Please return every record exactly as written, leaving out the pictures.
Top of AVAILABLE DATA
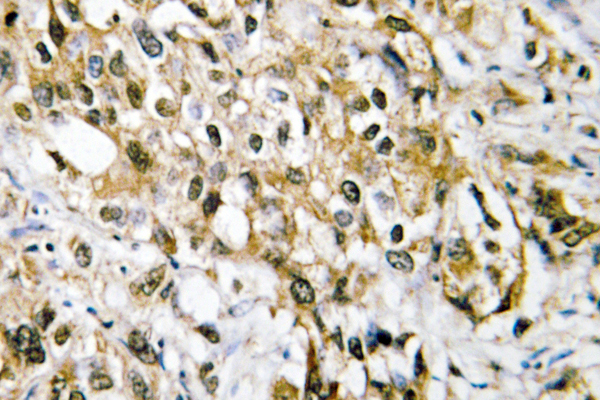 MYC / c-Myc Antibody - IHC of c-Myc (K422) pAb in paraffin-embedded human liver carcinoma tissue.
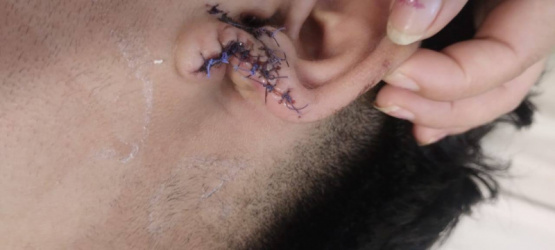 Violencia en el norte: Le arrancó parte de la oreja y se la tragó 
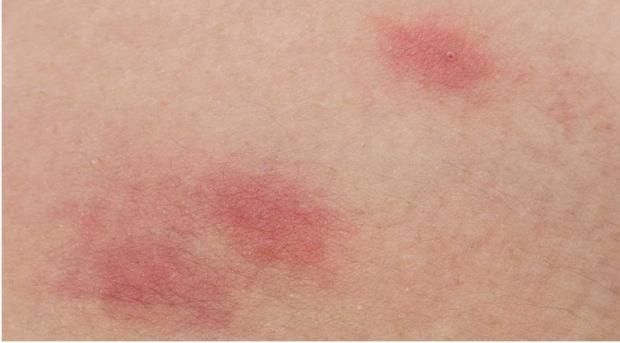 احمِ بشرتك من حساسية الجلد.. خطوات بسيطة تحميك من عدو الصيف الصامت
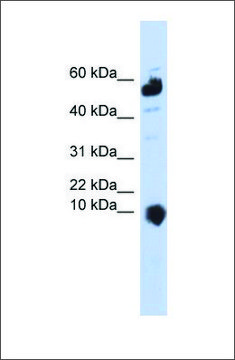Anti-C1ORF151 antibody produced in rabbit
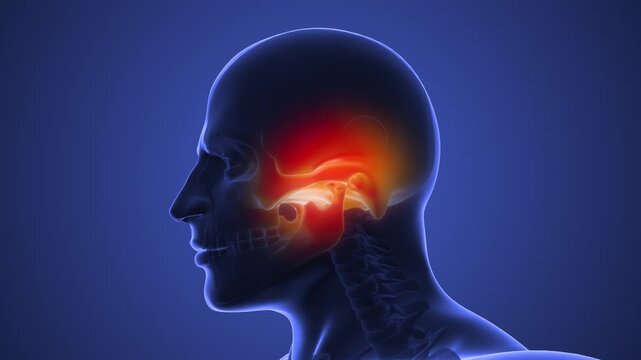 Facial Pain Caused by TMJ Dysfunction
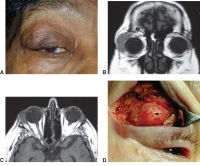 A, Right upper eyelid ptosis and fullness with a palpable mass beneath the orbital rim. B, Coronal MRI demonstrating right lacrimal gland enlargement with infiltration of anterior orbital tissues. C, Axial MRI showing characteristic molding of the lesion to adjacent structures. D, Incisional biopsy of the abnormal infiltration of the lacrimal gland reveals orbital lymphoma (arrow).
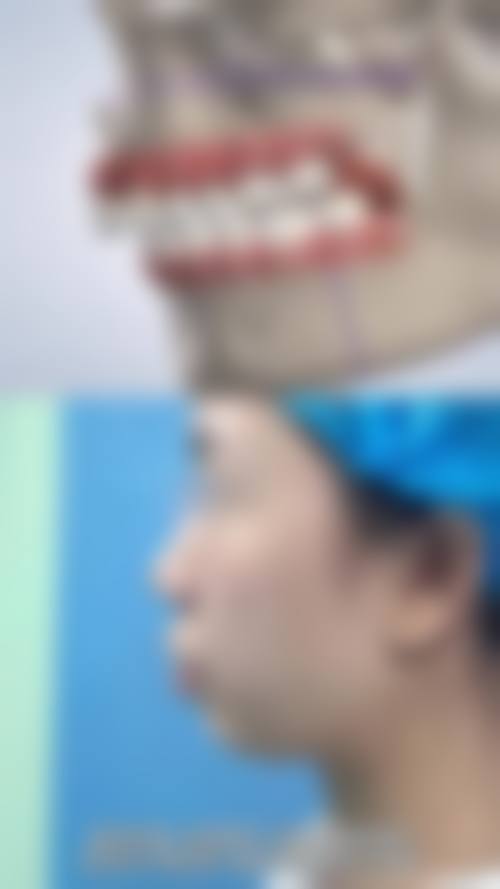 陈国鼎医生手术成效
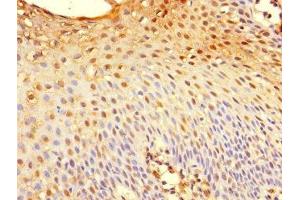 Immunohistochemistry of paraffin-embedded human tonsil tissue using ABIN7173626 at dilution of 1:100 (TSC22D3 anticorps  (AA 58-134))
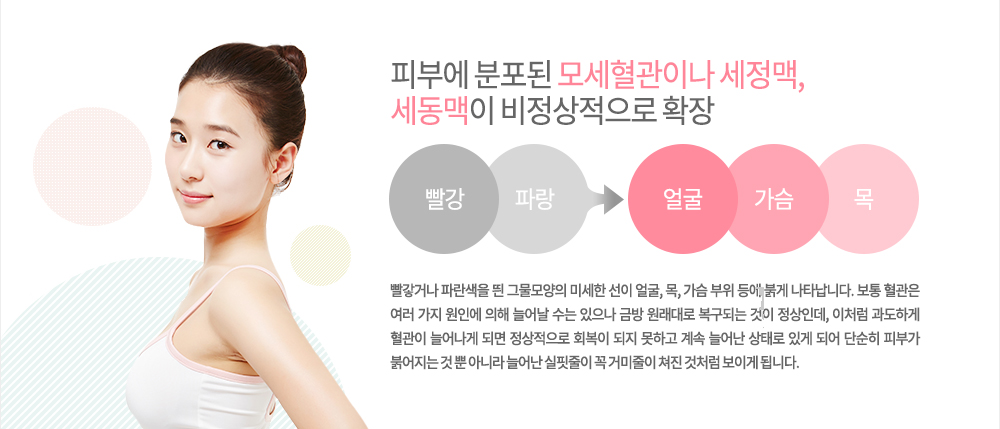 특징
피부에 분포된 모세혈관이나 세정맥, 세동맥이 비정상적으로 확장되어 빨갛거나 파란색을 띈 그물모양의 미세한 선이 얼굴, 목, 가슴 부위 등에 붉게 나타납니다. 보통 혈관은 여러 가지 원인에 의해 늘어날 수는 있으나 금방 원래대로 복구되는 것이 정상인데, 이처럼 과도하게 혈관이 늘어나게 되면 정상적으로 회복이 되지 못하고 계속 늘어난 상태로 있게 되어 단순히 피부가 붉어지는 것 뿐 아니라 늘어난 실핏줄이 꼭 거미줄이 쳐진 것처럼 보이게 됩니다.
Bottom of AVAILABLE DATA
* YOUR SOLUTION
 MYC / c-Myc Antibody - IHC of c-Myc (K422) pAb in paraffin-embedded human liver carcinoma tissue.
 Violencia en el norte: Le arrancó parte de la oreja y se la tragó 
 احمِ بشرتك من حساسية الجلد.. خطوات بسيطة تحميك من عدو الصيف الصامت
Anti-C1ORF151 antibody produced in rabbit
 Facial Pain Caused by TMJ Dysfunction
 A, Right upper eyelid ptosis and fullness with a palpable mass beneath the orbital rim. B, Coronal MRI demonstrating right lacrimal gland enlargement with infiltration of anterior orbital tissues. C, Axial MRI showing characteristic molding of the lesion to adjacent structures. D, Incisional biopsy of the abnormal infiltration of the lacrimal gland reveals orbital lymphoma (arrow).
 陈国鼎医生手术成效
 Immunohistochemistry of paraffin-embedded human tonsil tissue using ABIN7173626 at dilution of 1:100 (TSC22D3 anticorps  (AA 58-134))
 특징
피부에 분포된 모세혈관이나 세정맥, 세동맥이 비정상적으로 확장되어 빨갛거나 파란색을 띈 그물모양의 미세한 선이 얼굴, 목, 가슴 부위 등에 붉게 나타납니다. 보통 혈관은 여러 가지 원인에 의해 늘어날 수는 있으나 금방 원래대로 복구되는 것이 정상인데, 이처럼 과도하게 혈관이 늘어나게 되면 정상적으로 회복이 되지 못하고 계속 늘어난 상태로 있게 되어 단순히 피부가 붉어지는 것 뿐 아니라 늘어난 실핏줄이 꼭 거미줄이 쳐진 것처럼 보이게 됩니다.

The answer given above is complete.